REQUIRED WORK ▸ Transcribe all of the data, leaving nothing out and changing nothing.

..............................

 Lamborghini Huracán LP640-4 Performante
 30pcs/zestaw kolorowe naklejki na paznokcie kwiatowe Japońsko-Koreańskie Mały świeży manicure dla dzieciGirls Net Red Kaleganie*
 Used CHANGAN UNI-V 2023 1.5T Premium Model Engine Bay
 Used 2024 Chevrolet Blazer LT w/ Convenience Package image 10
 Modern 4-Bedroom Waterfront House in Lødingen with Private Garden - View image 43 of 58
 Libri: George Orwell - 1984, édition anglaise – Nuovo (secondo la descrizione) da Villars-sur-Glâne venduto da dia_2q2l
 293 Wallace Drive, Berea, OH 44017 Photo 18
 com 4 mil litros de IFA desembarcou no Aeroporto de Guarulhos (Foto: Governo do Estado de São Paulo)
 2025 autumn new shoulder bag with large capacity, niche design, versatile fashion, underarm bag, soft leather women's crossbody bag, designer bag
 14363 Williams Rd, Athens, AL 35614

..............................

SOLUTION BELOW ▸
 Lamborghini Huracán LP640-4 Performante
 30pcs/zestaw kolorowe naklejki na paznokcie kwiatowe Japońsko-Koreańskie Mały świeży manicure dla dzieciGirls Net Red Kaleganie*
 Used CHANGAN UNI-V 2023 1.5T Premium Model Engine Bay
 Used 2024 Chevrolet Blazer LT w/ Convenience Package image 10
 Modern 4-Bedroom Waterfront House in Lødingen with Private Garden - View image 43 of 58
 Libri: George Orwell - 1984, édition anglaise – Nuovo (secondo la descrizione) da Villars-sur-Glâne venduto da dia_2q2l
 293 Wallace Drive, Berea, OH 44017 Photo 18
 com 4 mil litros de IFA desembarcou no Aeroporto de Guarulhos (Foto: Governo do Estado de São Paulo)
 2025 autumn new shoulder bag with large capacity, niche design, versatile fashion, underarm bag, soft leather women's crossbody bag, designer bag
 14363 Williams Rd, Athens, AL 35614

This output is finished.